Mit welchen Gefühlen blicken Sie auf die Europawahl am 26. Mai?
Inzwischen blicke ich mit einem nervösen Optimismus auf den 26. Mai. Seit einigen Tagen habe ich das Gefühl, dass etwas in Bewegung kommt. Viele Verbände, Initiativen, Parteien sowieso, aber auch Unternehmen machen auf die Europawahl aufmerksam und rufen zur Teilnahme auf. Das macht mir Hoffnung auf eine hohe Wahlbeteiligung, die diesmal besonders wichtig ist, um die Gegner Europas möglichst klein zu halten.

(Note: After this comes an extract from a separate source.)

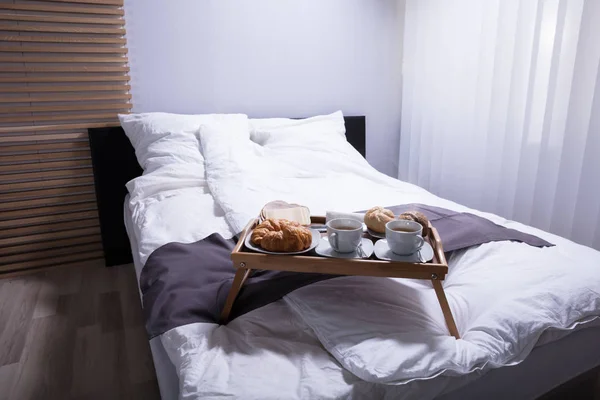 焼きたてのクロワッサンと朝食ベッドの上のお茶のカップ — ストック写真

Eine große Mehrheit der Deutschen hält die EU für eine gute Sache, ist aber der Meinung, sie funktioniere zurzeit nicht richtig. Woran liegt das?
Aus meiner Sicht ist das eine sich selbst verstärkende Legende. Viele Dinge, die über die EU erzählt werden – sei es das Bürokratiemonster oder die Steuergelder vernichtende Maschine – stellen sich bei genauerem Hinsehen als falsch heraus. Die gesamte EU mit mehr als 500 Millionen Bürgern hat zum Beispiel nicht einmal halb so viele Beamte wie der Stadtstaat Berlin. Oder die Netto-Beiträge, die Deutschland insgesamt pro Jahr an die EU zahlt: Sie sind in etwa gerade mal so hoch wie die gesamten Rundfunkbeiträge. Davon abgesehen sind die Kosten nur ein Bruchteil von dem, wie jeder einzelne vom europäischen Binnenmarkt profitiert. Natürlich haben die EU und ihre Institutionen eine Bringschuld, besser über ihre Politik zu informieren, aber es gibt auch eine Holschuld der Bürgerinnen und Bürger.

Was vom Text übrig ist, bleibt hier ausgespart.